November 18, 2008

Looting

I find that about 75% of the time when Gregg Easterbrook strays from football into a topic I have some knowledge about, he is seriously uninformed. But like a stopped clock, he occasionally gets one right, and I completely agree with him about how AIG is looting the treasury:

American International Group, the insurance giant that has swallowed $152 billion in federal subsidies in just a few months, "plans to pay $503 million in deferred compensation to some of its top employees, saying it must tap the funds to keep valuable workers from exiting the troubled insurance giant," Carol Leonnig of The Washington Post reported a few days ago. I suspect all the gold being shoveled to AIG is a colossal blunder by the George W. Bush administration.

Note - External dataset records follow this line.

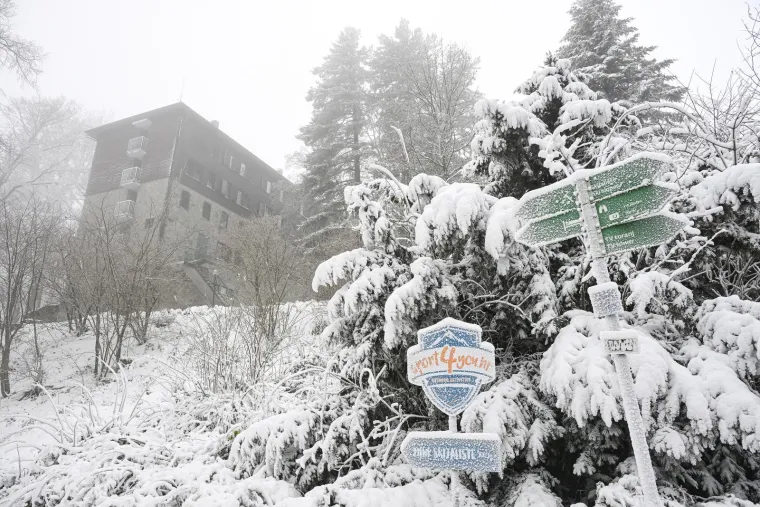 Snijeg prekrio Sljeme i stvorio pravi zimski ugođaj, građani napokon dočekali da upogone sanjke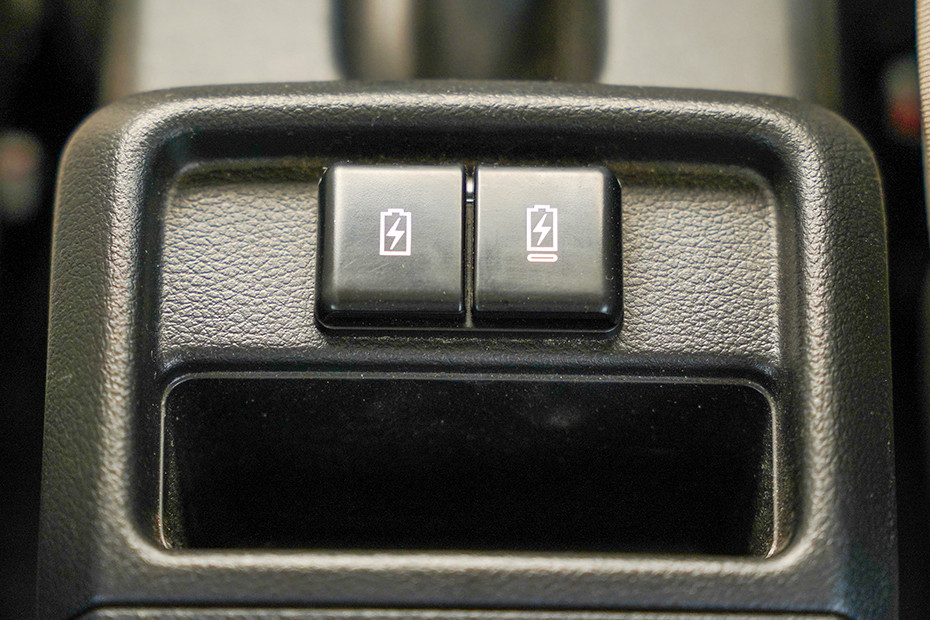 Maruti Dzire USB Charging Port (Rear)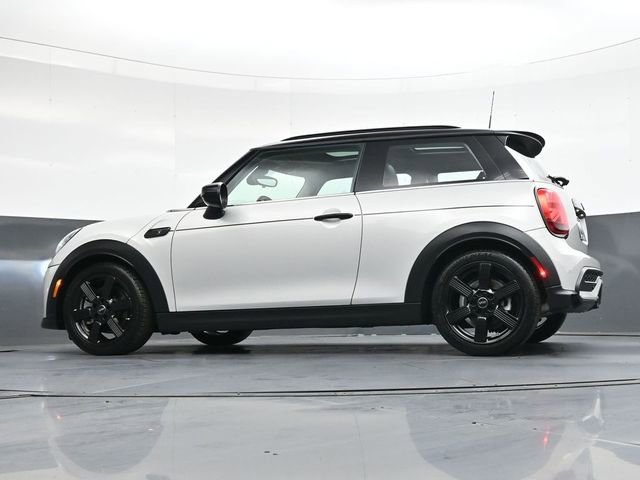 Used 2022 MINI Cooper S image 36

Money to reinforce Fannie Mae or to buy stock in banks may or may not be a wise decision, but at least there is accountability regarding where the funds end up. The money being shoveled to AIG is simply vanishing -- AIG isn't even telling the Treasury Department what the money is for. When the General Services Administration buys pencils, many layers of auditors check the deal. Isn't it a tad naive to think $152 billion can be entrusted to a firm with a demonstrated track record of financial mismanagement and that money is not going to be looted? The Treasury Department's handling of AIG appears to be spectacular irresponsibility with public money.

Now, about the $503 million in tax-subsidized bonuses to prevent "top employees" from "exiting the troubled insurance giant." The top employees of AIG are the ones who drove the company into the ground by making crazy deals, taking on bad debt or promising to insure bad debt when they knew AIG lacked adequate collateral. Those "top employees" at AIG are either cheats or incompetents -- we want them to leave! They haven't demonstrated any financial expertise. Yet the same AIG top managers who did a terrible, terrible job are set to receive huge bonuses: an example of the problem that corporate bonuses are awarded regardless of performance.

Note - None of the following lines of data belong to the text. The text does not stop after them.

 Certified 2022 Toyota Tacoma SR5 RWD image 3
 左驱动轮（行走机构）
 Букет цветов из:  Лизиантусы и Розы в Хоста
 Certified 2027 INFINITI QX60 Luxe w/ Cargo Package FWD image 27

Management-suite types often rationalize huge bonuses by threatening to jump to another job. What job exactly would a top AIG employee jump to? The financial services industry is contracting; lots of well-qualified people with strong résumés are out on the street; no financial firm in its right mind would hire a failed manager from AIG over the fully qualified financial managers looking for work.

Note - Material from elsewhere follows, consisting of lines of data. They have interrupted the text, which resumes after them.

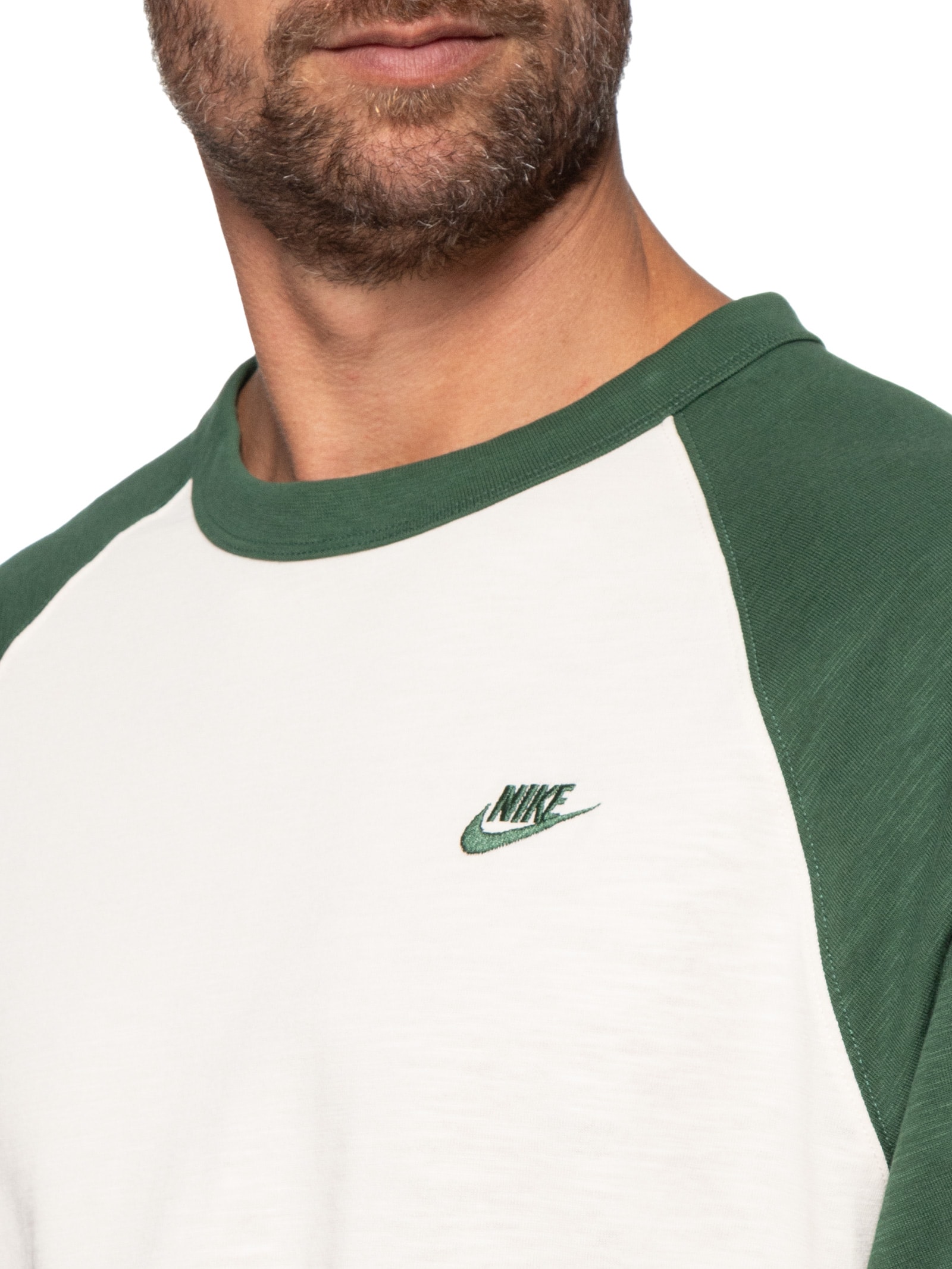 Camiseta Masculina Sportswear Club Bege Nike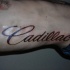 cadilac logo testo tatuaggio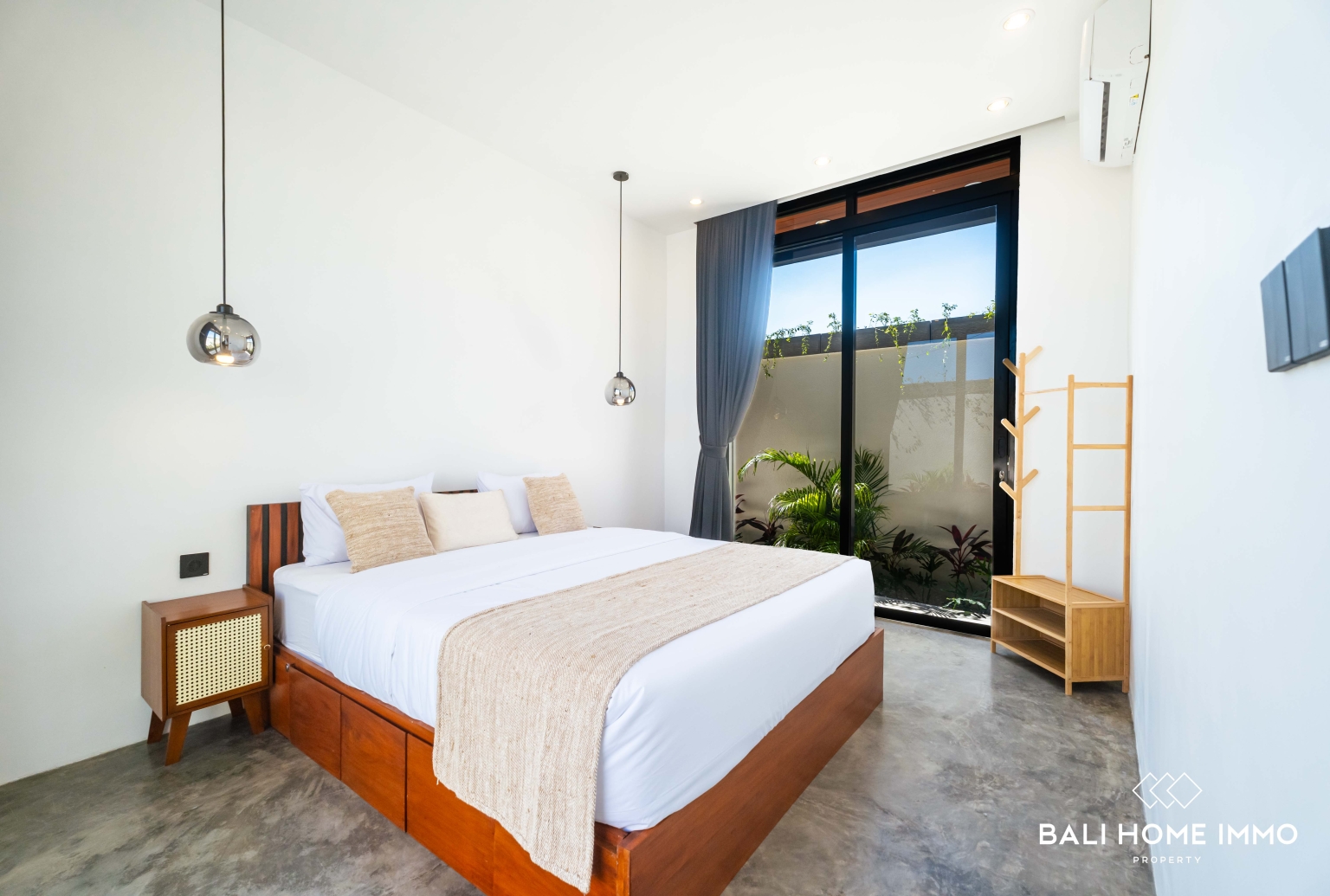 Brand new 2 Bedroom Villa for Sale Leasehold in Bali Canggu Residential Side view 8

AIG top employees have no career options right now; it is inconceivable any other financial firms are offering them lavish raises to hire them away. So "retention bonuses" aren't necessary. But either the Treasury Department is too dim-witted to realize this or it doesn't care and is merely trying to redistribute wealth from the middle class to the rich by allowing tax-subsidized bonuses that the giveaway team at Treasury knows perfectly well are not merited.

Side note: You might think, "How could the fancy-degree top people at Treasury possibly be that completely, utterly stupid?" But Treasury officials have a self-interest in maintaining the assumption that financial managers should receive gigantic bonuses regardless of performance. Almost everyone at the top of Treasury came from the firms being bailed out, plans to return to such firms and wants to pocket gigantic bonuses regardless of performance. So not only is the Treasury Department acting irresponsibly with tax money but its top executives have a personal stake in irresponsible action.

I expect nothing less but pure, naked greed from Bush appointees, and the Republican party will be fine with it as long as they get occasional kickbacks in the form of campaign contributions.